Open Problem: Are all VC-classes CPAC learnable?

A few years ago, it was shown that there exist basic statistical learning problems whose learnability can not be determined within ZFC [Ben-David, Hrubes, Moran, Shpilka, Yehudayoff, 2017]. Such independence, and the implied impossibility of characterizing learnability of a class by any combinatorial parameter, stems from the basic definitions viewing learners as arbitrary functions. That level of generality not only results in unprovability issues but is also problematic from the perspective of modeling practical machine learning, where learners and predictors are computable objects. In light of that, it is natural to consider learnability by algorithms that output computable predictors (both learners and predictors are then representable as finite objects). A recent study [Agarwal, Ananthakrishnan, Ben-David, Lechner and Urner, 2020] initiated a theory of such models of learning. It proposed the notion of CPAC learnability, by adding some basic computability requirements into a PAC learning framework.

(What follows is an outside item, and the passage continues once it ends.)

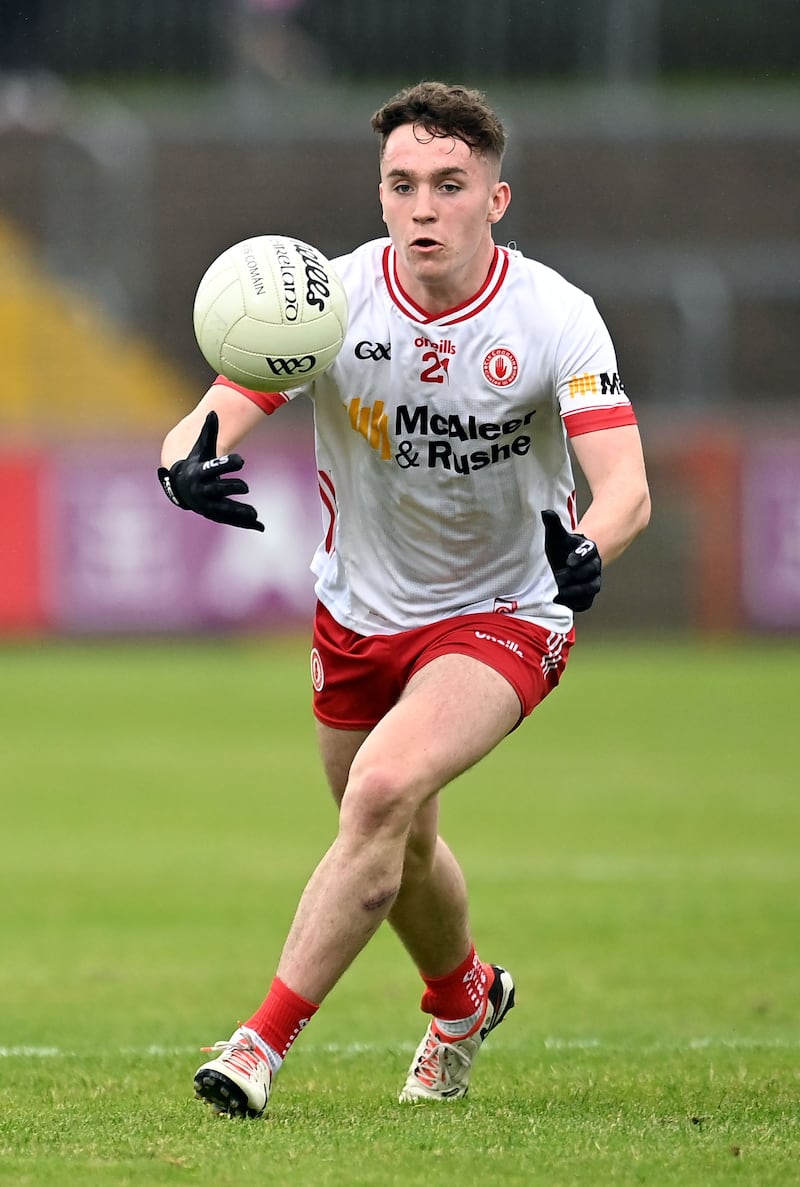 A man in a White Tyrone jersey and red Tyrone gaa shorts catching a ball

As a first step towards a characterization of learnability in the CPAC framework, Agarwal et al showed that CPAC learnability of a binary hypothesis class is not implied by the finiteness of its VC-dimension anymore, as far as proper learners are concerned. A major remaining open question is whether a similar result holds also for improper learning. Namely, does there exist a computable concept class consisting of computable classifiers, that has a finite VC-dimension but no computable learner can PAC learn it (even if the learner is not restricted to output a hypothesis that is a member of the class)? Another implied interesting question concerns coming up with combinatorial characterizations of learnability for computable learners.